La directrice générale du SSM, Stéphanie Plante.

La fausse bonne idée

Deux écoles privées de la région feront des aménagements à leur calendrier scolaire, l'an prochain, pour permettre l'implantation d'une deuxième semaine de relâche. Une semaine de congé pour les élèves, quelque part en novembre. Mais un autre casse-tête pour les parents.
L'idée d'offrir une semaine de relâche - ou une semaine pédagogique - à l'automne est assez récente mais elle commence à faire son chemin au Québec. Dans la région de la Capitale-Nationale, des écoles l'appliquent déjà. Dans la région, l'École Vision a tenté l'expérience cette année et entend bien la répéter au cours des prochaines années.
Il faut laisser aux spécialistes en pédagogie le soin de décortiquer la valeur d'une telle mesure sur le développement de l'enfant. Certaines directions d'école ont demandé des avis en ce sens et il semble que les élèves soient fatigués rendus en novembre. Un répit leur permettrait de mieux finir la première portion de l'année scolaire. Jusqu'aux vacances des Fêtes.
Fatigués, les élèves? Peut-être. Mais ce n'est pourtant pas la raison qui avait été donnée en 1979 quand on a graduellement implanté l'idée d'une semaine de relâche au début du mois de mars. À ce moment-là, les commissions scolaires et les établissements privés souhaitaient tout simplement contrer l'absentéisme des élèves et des enseignants, qui partaient souvent en voyage à cette période de l'hiver.

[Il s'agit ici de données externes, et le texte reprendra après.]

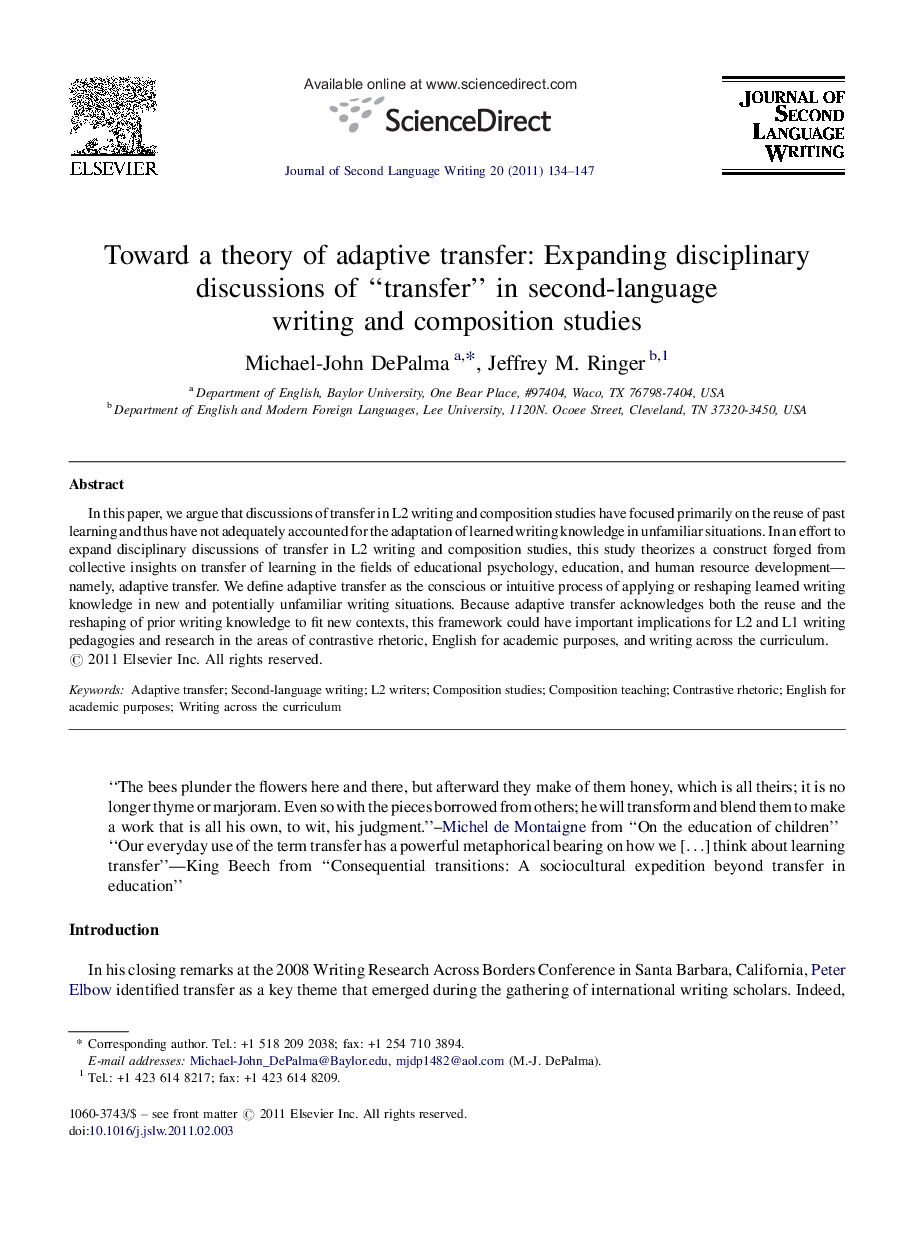 Toward a theory of adaptive transfer: Expanding disciplinary discussions of “transfer” in second-language writing and composition studies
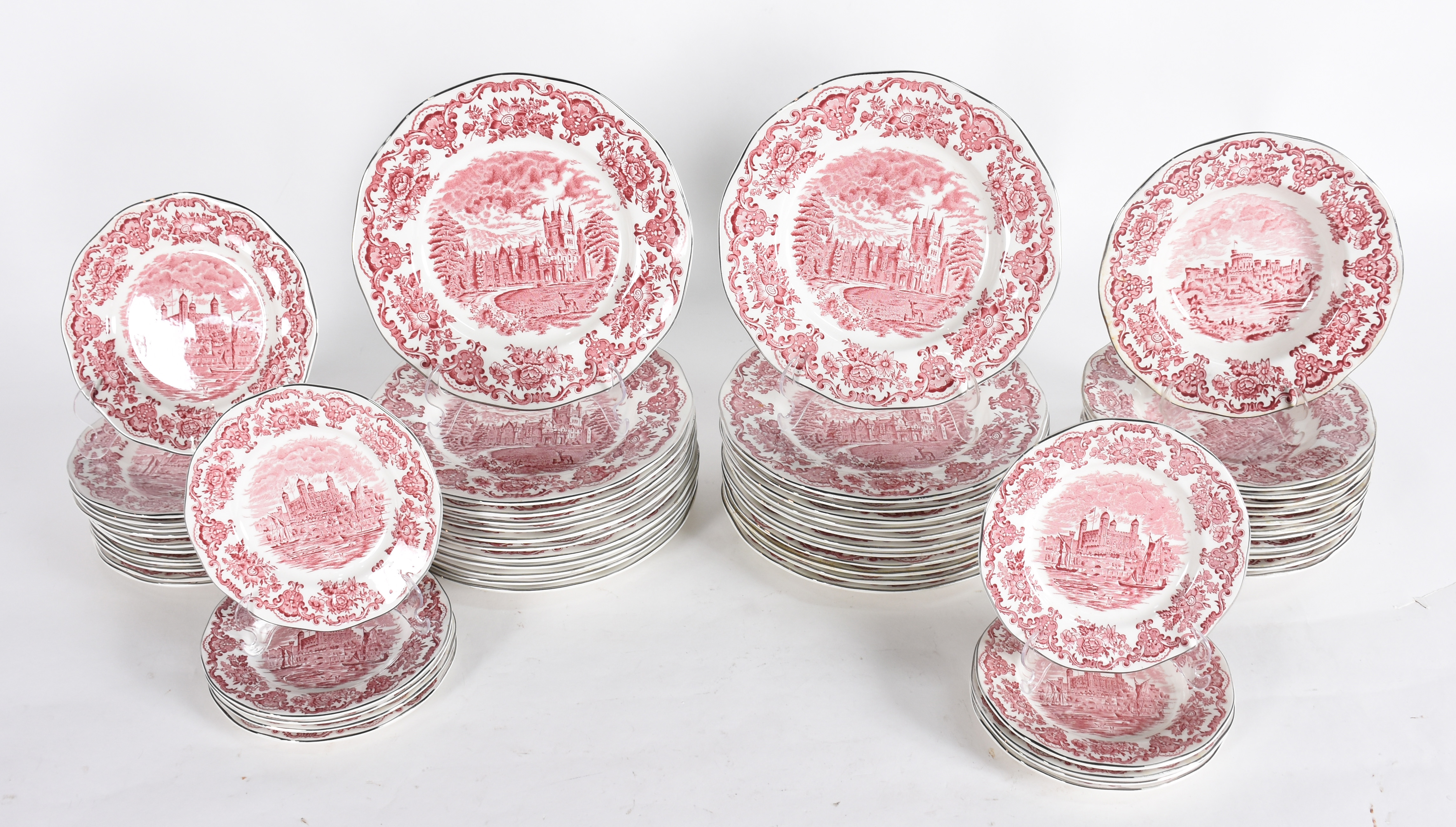 Aparelho de jantar de faiança inglesa rosa e branco, composto de 24... - foto 2 de 4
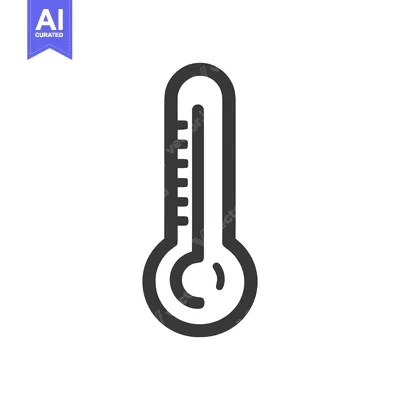 Minimalist Thermometer Icon: Medical Tool for Temperature Measurement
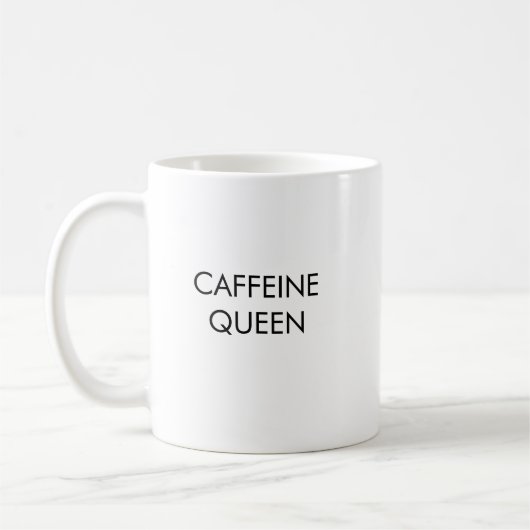 Cafeïne Queen Funny Minimalist Coffee Mok (Links)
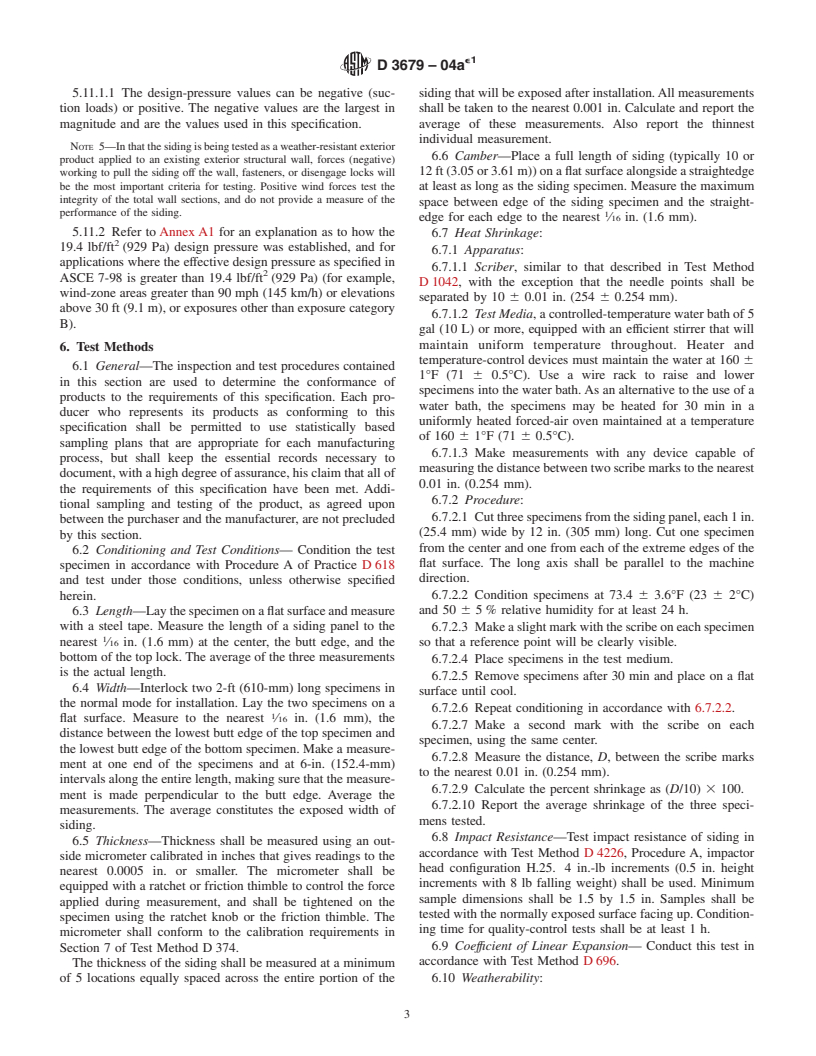 ASTM D3679-04ae1 - Standard Specification for Rigid Poly(Vinyl Chloride) (PVC) Siding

L'objectif de favoriser la réussite éducative, quelque noble soit-il, n'est peut-être pas la réelle justification de l'ajout d'une deuxième semaine de relâche.
Parlant de la semaine de relâche, le psychologue Égide Royer, professeur titulaire de la Faculté des sciences de l'éducation de l'Université Laval, estime qu'«une petite semaine de congé ne change en rien la réussite de l'élève». Selon lui, de nombreux enfants connaissent des retards de lecture et d'écriture et la semaine de relâche, qu'elle soit en novembre ou en mars, n'influencera pas leur réussite. «Il faudrait plutôt s'attaquer à la qualité de l'enseignement proposé en classe», insiste-t-il. C'est ce qui risque d'avoir le plus d'influence sur la réussite des élèves.
Là où ça peut être intéressant d'insérer une semaine de relâche en automne, c'est dans la modification que cela entraîne sur le calendrier scolaire. Plusieurs spécialistes sont d'accord pour dire que le long congé estival a des effets négatifs, particulièrement chez les élèves en difficulté.
Si les bienfaits d'une semaine de répit automnale ne sont pas clairement démontrés, les inconvénients, eux, le semblent davantage. Les impacts d'une telle pause ne concernent pas que l'école. Cela oblige les parents à faire de la gymnastique avec leur horaire. Ce n'est pas tous les parents qui peuvent facilement prendre une semaine de vacances ou s'absenter pour passer du temps avec leur enfant pendant une nouvelle semaine de relâche. Déjà qu'ils doivent s'adapter aux journées pédagogiques, aux journées de tempête, au début et à la fin des vacances d'été, à la relâche de février-mars.
Les impacts sur le transport scolaire, dans le cas d'un début d'année devancé, ne sont pas à négliger non plus. 
Outre l'École Vision, il semble pour l'instant que seuls le Séminaire Sainte-Marie et le Collège Notre-Dame-de-l'Assomption sont déterminés à tester la deuxième semaine de relâche à l'automne. Curieusement, partout ailleurs où il y a eu une réflexion en ce sens, on n'a pas jugé bon donner suite à cette idée.
Une chose est claire, il serait sage d'encadrer la mise en place d'une telle semaine de répit. Le ministère de l'Éducation ne devrait-il pas intervenir pour assurer une certaine cohérence et une certaine uniformité dans le calendrier scolaire? Peut-être. Devrait-on privilégier une réflexion plus large sur le calendrier scolaire? Assurément.
Les habitudes des parents, les occupations des jeunes, les contraintes familiales, tout cela a bien évolué au fil des ans. Le calendrier scolaire, lui, n'a que très peu changé.